A tal "esquerda moderna" ainda não percebeu que as sementes da rotura já foram lançadas há séculos. Há, agora, que buscar os frutos e lançar aos portugueses e seus descendentes por esse Mundo fora as flores de uma auto-estima que fará de Portugal e dos Portugueses, não apenas a vanguarda europeia, mas um exemplo para outra forma de encarar o Mundo, fazendo da globalização não uma forma de pilhagem alargada, mas um sistema de solidariedade.
O PS está longe de entender isto porque trata os portugueses residentes no estrangeiro e que ainda se interessam pelo que acontece no país (uma vez que votam) como gente de segunda, a quem faz o favor de sugerir dois representantes. Que diz Maria Carrilho e Aníbal Araújo a esses portugueses?
Que espécie de ligações é possível fazer com esta gente? Como é que esta gente será capaz de mobilizar uma ideia de Portugal espalhado pelo Mundo, de um povo presente em toda a parte onde, para construir alguma coisa, foi necessária força, espírito de sacrifício e respeito pelo próximo?
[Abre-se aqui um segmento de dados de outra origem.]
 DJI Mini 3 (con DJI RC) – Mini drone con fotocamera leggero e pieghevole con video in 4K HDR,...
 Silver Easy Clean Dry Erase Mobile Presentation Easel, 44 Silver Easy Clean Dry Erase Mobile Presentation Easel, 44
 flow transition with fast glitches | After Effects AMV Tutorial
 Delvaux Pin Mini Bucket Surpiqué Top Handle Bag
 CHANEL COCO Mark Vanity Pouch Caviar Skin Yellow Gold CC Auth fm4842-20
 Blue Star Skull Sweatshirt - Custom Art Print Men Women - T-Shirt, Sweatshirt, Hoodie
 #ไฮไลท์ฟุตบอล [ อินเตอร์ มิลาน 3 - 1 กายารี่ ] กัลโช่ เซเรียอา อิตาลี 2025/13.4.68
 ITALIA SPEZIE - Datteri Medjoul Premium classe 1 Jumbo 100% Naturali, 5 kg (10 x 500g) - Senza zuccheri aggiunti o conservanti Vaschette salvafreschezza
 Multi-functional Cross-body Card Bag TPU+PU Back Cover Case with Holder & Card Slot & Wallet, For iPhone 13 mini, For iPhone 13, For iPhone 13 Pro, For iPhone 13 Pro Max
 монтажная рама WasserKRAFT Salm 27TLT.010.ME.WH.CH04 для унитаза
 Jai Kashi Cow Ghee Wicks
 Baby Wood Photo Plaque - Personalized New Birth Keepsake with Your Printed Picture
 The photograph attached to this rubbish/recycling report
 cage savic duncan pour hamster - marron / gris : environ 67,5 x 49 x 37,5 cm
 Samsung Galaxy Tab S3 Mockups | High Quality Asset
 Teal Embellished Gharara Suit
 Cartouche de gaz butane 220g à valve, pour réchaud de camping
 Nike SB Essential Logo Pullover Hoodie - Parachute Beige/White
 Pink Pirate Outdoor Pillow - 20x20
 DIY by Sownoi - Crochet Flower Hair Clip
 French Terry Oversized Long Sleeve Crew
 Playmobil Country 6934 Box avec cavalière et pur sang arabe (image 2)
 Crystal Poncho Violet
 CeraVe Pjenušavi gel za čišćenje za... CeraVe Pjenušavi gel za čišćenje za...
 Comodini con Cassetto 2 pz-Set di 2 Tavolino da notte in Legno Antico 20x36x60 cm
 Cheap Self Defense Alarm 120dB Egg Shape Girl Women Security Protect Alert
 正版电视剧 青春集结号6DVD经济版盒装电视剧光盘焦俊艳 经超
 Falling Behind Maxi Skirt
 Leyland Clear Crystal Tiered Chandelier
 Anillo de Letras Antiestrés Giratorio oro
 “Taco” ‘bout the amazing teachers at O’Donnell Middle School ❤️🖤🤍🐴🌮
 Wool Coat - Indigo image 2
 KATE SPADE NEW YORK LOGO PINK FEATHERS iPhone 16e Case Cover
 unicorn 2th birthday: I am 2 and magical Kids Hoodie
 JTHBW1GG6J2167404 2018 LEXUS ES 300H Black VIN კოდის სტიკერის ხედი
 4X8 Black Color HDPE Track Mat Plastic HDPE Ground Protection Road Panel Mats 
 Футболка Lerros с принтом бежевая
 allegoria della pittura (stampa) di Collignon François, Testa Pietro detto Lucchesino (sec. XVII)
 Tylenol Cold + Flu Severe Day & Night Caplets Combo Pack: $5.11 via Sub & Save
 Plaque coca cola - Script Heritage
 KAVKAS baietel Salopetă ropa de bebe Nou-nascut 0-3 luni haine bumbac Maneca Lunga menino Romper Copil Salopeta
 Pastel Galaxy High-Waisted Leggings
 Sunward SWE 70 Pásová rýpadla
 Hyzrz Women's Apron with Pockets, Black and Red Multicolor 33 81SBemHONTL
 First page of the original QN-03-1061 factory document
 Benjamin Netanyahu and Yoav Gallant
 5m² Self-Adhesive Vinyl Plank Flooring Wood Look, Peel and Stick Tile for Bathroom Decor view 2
E O BE - que faz ele? Espera o barco do descontentamento generalizado para embarcar numa boleia que o leve ao poder e possa, como todas outras forças políticas, fazer os jogos da pequena política e do poder. Por que razão não se afirma com um programa alternativo a todos os disparates que andam no ar. Por que razão não se abalançam a construir um novo sonho para os portugueses, para todos os portugueses?
Onde está a capacidade de rotura das nossas elites políticas? Vamos continuar a fazer o discurso da desgraçadinha? " Afinal, Rosa enjeitada, quem és tu ? Uma mulher que sofreu!"